Some things are systematic. You are expected to drink, and you comply to fit
in. I can relate to what she writes about boundary crossing, because on some
evenings I don't drink at all: most people who don't know me well and notice
I'm not drinking then try to get me to drink, or at least feel bad about my
behavior. I can cope with that, but for people who are trying to be popular
it's more difficult. In the end it's always your responsibility, but only few
people have enough power to resist the expectations of their peers.

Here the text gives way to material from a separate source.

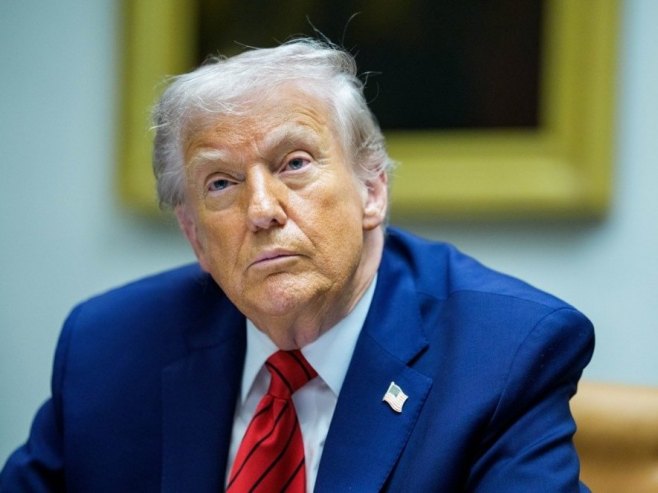 Доналд Трамп (Фото: EPA/AARON SCHWARTZ, илустрација) Доналд Трамп (Фото: EPA/AARON SCHWARTZ, илустрација) -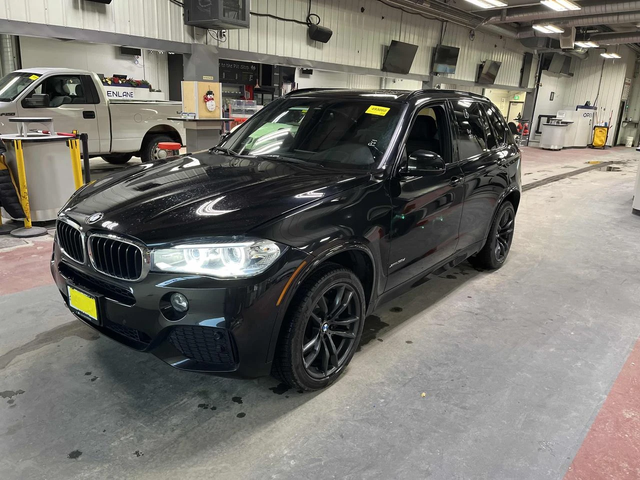 BMW X5 Мpacket* HeadUp* 360* H&K* 2 комплекта джанти - автомобили, коли, обяви за нови и употребявани 0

A related problem is that many men think that the main purpose of going to a
bar or club is to hit on women (instead of socializing in general or dancing).
Which creates a lot of pressure on them to end the evening "successfully",
even if they themselves are uncomfortable with this particular way of starting
a relationship.

------
jack-r-abbit
Nobody likes the "blame the victim" statements. But I also don't like the
"blame the location" statements. You can't blame the event for a rape anymore
than you can blame the short skirt and lace stockings. You blame the rapist.

------
weatherlight
I agree that imbibing alcohol shouldn't be mandatory and rapist are terrible
people. but, If the above statement is true and you do choose to drink in
public, a large portion of your personal safety is up to you. If you don't
feel safe, DO NOT PARTICIPATE. You are a skewed minority if you believe that
that social functions with friends AND coworkers are enabling a culture where
the logical extension of that culture is your detriment.

If you feel like you are in danger, stay out of danger. You choose your own
level of involvement, don't project.

------
BigTuna
Rampant, unmitigated BS.

------
spalecti
This might be the most complainingist nonsense I have read.

------
marssaxman
What the hell is a "drinkup", and in what community is this term popular?